Flink has improved my organisation by enabling us to become independent of Redis which is used as an intermediate caching layer with Apache Storm for aggregation. Redis was a bottleneck. With an increasing number of messages, Redis was becoming full and also had a higher chance of errors because we were doing the checkpoints and state management manually. 

With Flink, it provides out-of-the-box checkpointing and state management. It helps us in that way. When Storm used to restart, sometimes we would lose messages or intermediate state . With Flink, it provides guaranteed message processing, which helped us. It also helped us with application maintenance/deployments and restarts.

What is most valuable?

When we use the Flink streaming pipeline, the first thing we use is the Windowing mechanism with event time feature. So as that happens, the Flink aggregation is very easy. The next thing is we were using Apache Storm. Apache Storm is stateless, and Apache Flink is stateful. With Apache Storm, we were supposed to use an intermediate distributed cache. But because we use Flink, and it is stateful, we can manage the state or failure mechanism. The result is that we do aggregation every 10 minutes and we do not need to worry about our application stopping in between those 10 minutes and then restarting.
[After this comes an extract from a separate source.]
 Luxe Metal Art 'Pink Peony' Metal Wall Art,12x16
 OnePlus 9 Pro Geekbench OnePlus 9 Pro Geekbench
When we were using Storm, we used to manage all of it ourselves. We created manual checkpoints in Redis, but with Flink, it supports inbuilt features like checkpointing and statefulness. There is event time or author time that you can have for your messages. 

Another important thing is the out-of-order message processing. When you use any streaming mechanism, there is a chance that your source is producing messages that are out-of-order. When you build a state machine, it's very important that you can have the messages in order, so that your computations/results are correct. What happens with Storm or any other framework that you're using is that to get messages in order, you have to use an intermediate Redis cache, and then sort the messages. When we use Flink, it has an inbuilt way to have the messages in order, and we can process them. It saves a lot of time and a lot of code.

I have written both Storm and Flink code. With Storm, I used to write a lot of code, hundreds of lines but with Flink, it's less, around 50 to 60 lines. I don't need to use Redis to do the intermediate cache. There is a lot of code that is being saved. I have to aggregate around 10 minutes and there is an inbuilt mechanism. With Storm, I need to write out logic and then I need to write a bunch of connected bolts and intermediate Redis. The same code that would take me one week to write in Storm, I could do that same thing in a couple of days with Flink.

I started with Flink five to six years ago for one use case and the community support and documentation were not good at that time. When we started back again in 2019, we saw that documentation and community support were good.

What needs improvement?

The state maintains checkpoints and they use RocksDB or S3. They are good but sometimes the performance is affected when you use RocksDB for checkpointing.

We can write python bolts/applications inside Apache Storm Code and it supports Python as a programming language, but with Flink, the Python support is not that great. When we do machine learning, data science, or ML work, we want to integrate the data science or machine learning pipeline with our real-time pipeline and most of the data science or machine learning work is in Python.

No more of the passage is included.